Valley Medical Center in Lewiston had two of its 14 primary care physicians retire in 2015, and another two are expected to hang up their stethoscopes this year. Four others are beyond age 60.
Without a new high school, Valley Medical will have a tough time finding replacements, according to David Schlactus of the Lewiston medical practice.
Schlactus joined executives of four Lewiston businesses Wednesday in voicing support for a bond for a new Lewiston High School during a panel discussion titled "Inventing Our Future: LC Valley Leaders Discuss Education and Workforce." The event was held at Schweitzer Engineering Laboratories' Lewiston campus.
Edmund O. Schweitzer III, founder of SEL; Denise Metz, purchasing manager of Idaho Forest Group; Bryan Bentz, owner of Bentz Boats; and Mike Tatko, regional business manager of Avista, showed support for the $59.8 million measure that will be on the ballot Tuesday.
Edmund O. Schweitzer III, president and chairman of the board at Schweitzer Engineering Laboratories, was part of a panel discussion, "Inventing Our Future: LC Valley Leaders Discuss Education and Workforce," Wednesday at SEL in Lewiston.

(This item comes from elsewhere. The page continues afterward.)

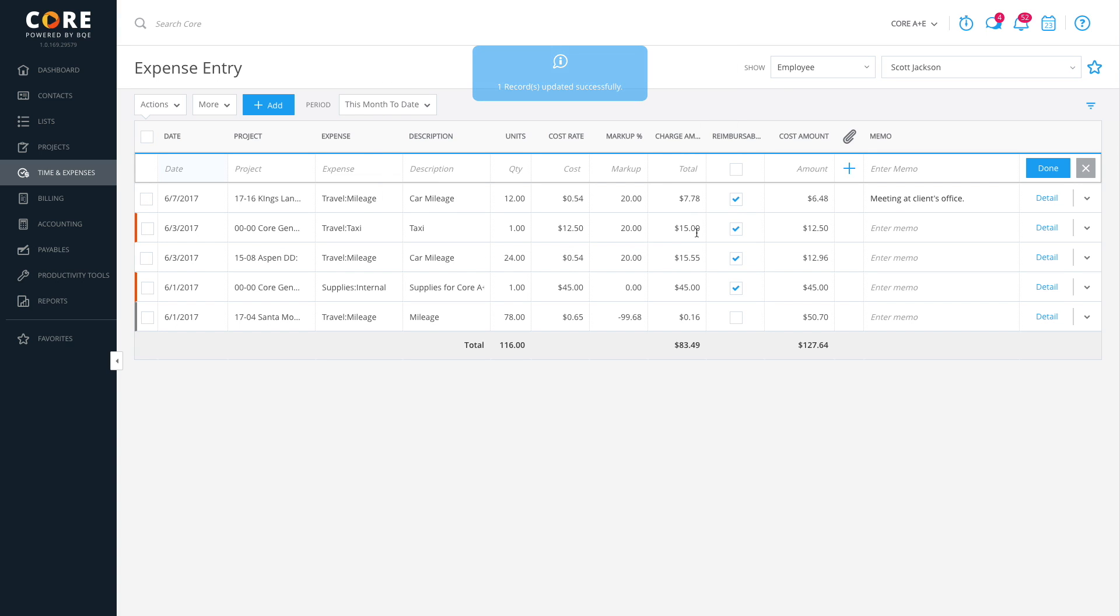You'll be automatically notified when they've been approved or rejected. That's it. Core makes it easy to stay on top of your expenses.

Though LHS teachers provide students a great education, it's tough making that case to professionals who visit Lewiston for the first time, Schlactus said.
It's similar to selling a car that has a good engine with a dented exterior and peeling paint, Schlactus said. "We know the teachers. The people we are recruiting have a hard time taking our word for it. ... Unfortunately, it says something about a community when you don't invest in your children."
The original building of the school was constructed in 1928 and opponents say that's good enough, yet they wouldn't likely be happy with a car of that era, Schlactus said.
A woman who described herself as a mother of a child with disabilities echoed Schlactus' concerns. In 1928, schools didn't serve children with disabilities because they were institutionalized.
She would like it if the medical community could recruit not just more primary care doctors, but other specialists so that her family wouldn't have to drive to Spokane any time her child with disabilities needs more than a wellness exam.
The community should take the panel seriously since they represent employers who are providing more than lip service to the measure, Schweitzer said.
Together the companies represented on the panel likely will pay about one-fourth of the cost to build the high school, Schweitzer said. "It's a tax we should feel really proud of paying."
Reading, writing and arithmetic are key skills for anyone to master, whether they invent new technology for electrical transmission, construct boats, manufacture lumber or stay home and raise their children, Schweitzer said. "I can't think of anything more important (at the local level) than educating our kids."